On Sep 18, 8:45 am, Thomas Broyer <[EMAIL PROTECTED]> wrote:
> On 18 sep, 14:06, walden <[EMAIL PROTECTED]> wrote:
>
> > Hi Thomas,
>
> > Thanks for spelling that out.
>
> > I do agree that GWT RPC might be less cache-friendly out of the box.
>
> And that was my main point (if you're a "pragmatic developer" ;-) )
> (along with conditional GETs which you'd have to "emulate" with GWT-
> RPC: add an ifModifiedSince parameter to all your methods and a
> lastModified timestamp to your returned objects; ...and now you're
> effectively tunneling HTTP within HTTP ;-) )

You take it somewhere that sounds ridiculous, while all I was getting
at was that GWT RPC might be modified slightly in order to use plain
old HTTP GET where it fits.  I.e., simply specified queries where
cacheing and safety matter.

>
> > As far as the folder templates story, while I understand that the ACL
> > list is cacheable for hours at a time, it seems to me that if folder
> > content is allowed to change in realtime, or if user roles are updated
> > in realtime, then the interactions for content are going to be mostly
> > un-cacheaable, and being able to cache ACLs doesn't seem to buy all
> > that much.
>
> Yes, of course, it was an example (derived from our app). As you point
> out, we do have realtime-changing "roles" which make our resources
> uncacheable (or at least not as cacheable as in my example). As for
> the realtime-changing folder content, that's not really a problem if
> you design your resources carefully (if the subfolders are cacheable
> for hours but not their contents, then just make them distinct
> resources); but conditional GETs –which you don't have with GWT-RPC–
> could still save bandwidth (for sure) and processing time (if you've
> carefully designed your server, i.e. first check If-Modified-Since and
> the like then, only if you need to send fresh data, do the computing
> and processing and serialization/formatting).

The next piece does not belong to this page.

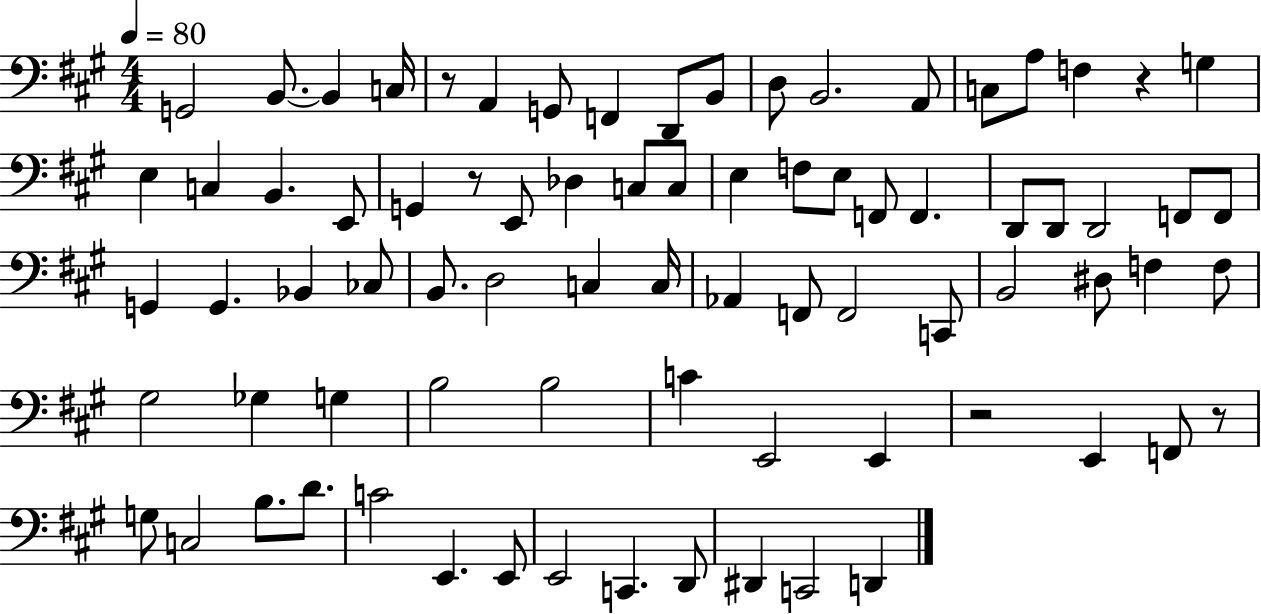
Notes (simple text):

G2/h B2/e. B2/q C3/s R/e A2/q G2/e F2/q D2/e B2/e D3/e B2/h. A2/e C3/e A3/e F3/q R/q G3/q E3/q C3/q B2/q. E2/e G2/q R/e E2/e Db3/q C3/e C3/e E3/q F3/e E3/e F2/e F2/q. D2/e D2/e D2/h F2/e F2/e G2/q G2/q. Bb2/q CES3/e B2/e. D3/h C3/q C3/s Ab2/q F2/e F2/h C2/e B2/h D#3/e F3/q F3/e G#3/h Gb3/q G3/q B3/h B3/h C4/q E2/h E2/q R/h E2/q F2/e R/e G3/e C3/h B3/e. D4/e. C4/h E2/q. E2/e E2/h C2/q. D2/e D#2/q C2/h D2/q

If there was a way to configure RPC so that the method name mapped to
a URL path and the arguments mapped to query parameters and the method
was annotated as @UseGET, and maybe some other stuff, then couldn't
this make rather good use of HTTP and reap the benefits of that?

>
> > I think making "safe" RPC requests via GET should be an option in
> > GWT.  I'm not sure how to do that,
>
> Without a server-side API to communicate the Last-Modified/ETag and
> check them against If-Modified-Since/If-None-Match/etc. request
> headers *before* actually requesting data and process and serialize/
> format it, it wouldn't be of much help...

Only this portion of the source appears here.